On November 25, 2019, the Company entered into a PayPal Working Capital loan. The principal amount of the loan was for $66,000. The Company received net proceeds of $50,000, net of loan fees of $16,000. The loan has a 20-month term and requires monthly payments equal to 20% of monthly PayPal sales proceeds, but no less than $3,300 every 90-day period. The loan balance on December 31, 2020 and 2019, was $14,000 and $59,000, respectively.

 

On March 12, 2020, the Company entered into a loan agreement with Celtic Bank in the principal amount of $150,000 with interest at 32.09% per annum and due on September 12, 2021. The loan requires minimum monthly principal and interest payments of $11,000 and is secured by the Company’s assets and future sales and is personally guaranteed by the Company’s CEO. The loan balance on December 31, 2020 was $86,000.

 

12

 

 

On August 26, 2020, the Company entered into a loan agreement with Apex Commercial Capital Corp. in the principal amount of $266,000 with interest at 9.49% per annum and due on September 10, 2030. The loan requires one hundred nineteen (119) monthly payments of $2,322, with a final balloon payment on the one hundred twentieth (120) month, or September 10, 2030, of $224,835. The loan is guaranteed by the Company and the Company’s Chief Executive Officer and secured by the Company’s real estate. The loan balance on December 31, 2020 was $265,000.

 

The Company purchases vehicles for its Chief Executive Officer and for research and development activities. Generally, vehicles are sold or traded in at the end of the vehicle loan period. The aggregate vehicle loan balance was $74,000 at December 31, 2018. During the year ended December 31, 2019, the Company purchased an automobile for $30,000, with loan terms of 72 months and an interest rate of 10.99% per annum, and made aggregate payments of $19,000, leaving an aggregate loan balance on three vehicles of $85,000 at December 31, 2019. During the year ended December 31, 2020, the Company purchased two vehicles for $50,000 and $69,000, respectively, and entered loans ranging from 60 to 144 months, with interest rates per annum of 0% to 5.24%, and made total payments of $73,000, leaving an aggregate loan balance on three vehicles of $131,000 at December 31, 2020.

 

On August 3, 2020, the Company entered into a $18,000 term loan with Leaf Capital related to the purchase of production equipment. The loan requires monthly payments over the term of 36 months, has an interest rate of 8.48% per annum, and is secured by the production equipment. The loan balance was $16,000 at December 31, 2020.

 

On November 29, 2020, the Company entered into a $17,000 term loan with CIT Bank related to the purchase of software for its production equipment.
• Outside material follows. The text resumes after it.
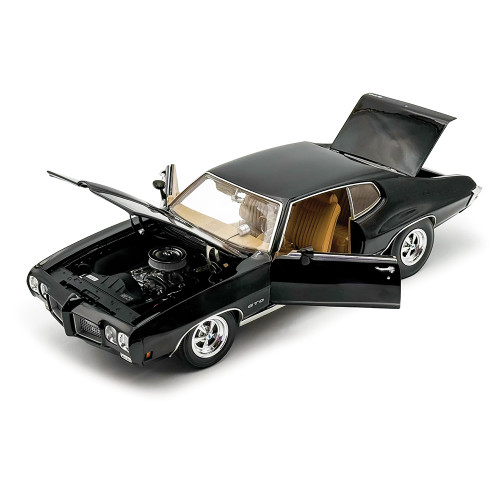 1970 Pontiac GTO Ram Air IV - Main Street Alt Image 1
The loan requires monthly payments over the term of 36 months, has an interest rate of 13.18% per annum, and is personally guaranteed by the Company’s CEO. The loan balance was $17,000 at December 31, 2020.

 

Convertible Secured Notes Payable

 

The Company issued convertible secured debentures (“Convertible Notes”) to accredited investors with interest at 10% per annum, a term of eighteen months, and secured by all of the assets of the Company and its subsidiaries. The Convertible Notes provide a conversion right, in which the principal amount of the Convertible Notes, together with any accrued but unpaid interest, could be converted into the Company’s common stock at a conversion price at $0.25 per share. During the year ended December 31, 2019, the Company received proceeds of $113,000 on the issuance of Convertible Notes, leaving an aggregate balance owed of $113,000 at December 31, 2019. During the year ended December 31, 2020, the Company received proceeds of $196,000 on the issuance of Convertible Notes, accrued additional interest of $21,000, and converted $275,000 of principal and interest into shares of the Company’s common stock, leaving a total of $55,000 owed at December 31, 2020.

 

Critical Accounting Policies and Estimates

 

Management’s discussion and analysis of our financial condition and results of operations are based on our financial statements, which have been prepared in accordance with accounting principles generally accepted in the United States. The preparation of these financial statements requires management to make estimates and judgments that affect the reported amounts of assets, liabilities, revenues and expenses, and related disclosure of contingent assets and liabilities. On an ongoing basis, management evaluates its estimates, including those related to impairment of long-lived assets, including finite lived intangible assets, accrued liabilities, fair value of warrant derivatives and certain expenses. We base our estimates on historical experience and on various other assumptions that we believe to be reasonable under the circumstances, the results of which form the basis for making judgments about the carrying values of assets and liabilities that are not readily apparent from other sources. Actual results may differ materially from these estimates under different assumptions or conditions.

 

Our significant accounting policies are more fully described in Note 1 to our financial statements. The preparation of financial statements in conformity with accounting principles generally accepted in the United States of America requires management to make estimates and assumptions that affect the reported amounts of assets, liabilities, revenues, and expenses, and the related disclosures of contingent assets and liabilities. Actual results could differ from those estimates under different assumptions or conditions. We believe that the following critical accounting policies are subject to estimates and judgments used in the preparation of our consolidated financial statements:

 

Revenue recognition

 

We recognize revenue in accordance with Accounting Standard Update (“ASU”) No. 2014-09. This standard provides authoritative guidance clarifying the principles for recognizing revenue and developing a common revenue standard for U.S. generally accepted accounting principles. The core principle of the guidance is that an entity should recognize revenue to depict the transfer of promised goods and services to customers in an amount that reflects the consideration to which the entity expects to be entitled in the exchange for those goods or services.

 

13

 

 

Under this guidance, revenue is recognized when control of promised goods or services is transferred to the Company’s customers, in an amount that reflects the consideration the Company expects to be entitled to in exchange for those goods or services. The Company reviews its sales transactions to identify contractual rights, performance obligations, and transaction prices, including the allocation of prices to separate performance obligations, if applicable. Revenue and costs of sales are recognized once products are delivered to the customer’s control and performance obligations are satisfied.

 

Products sold by the Company are distinct individual products. The products are offered for sale as finished goods only, and there are no performance obligations required post-shipment for customers to derive the expected value from them. Most of the Company’s sales are received through several eBay web-commerce websites, which requires customer payment at time of order placement.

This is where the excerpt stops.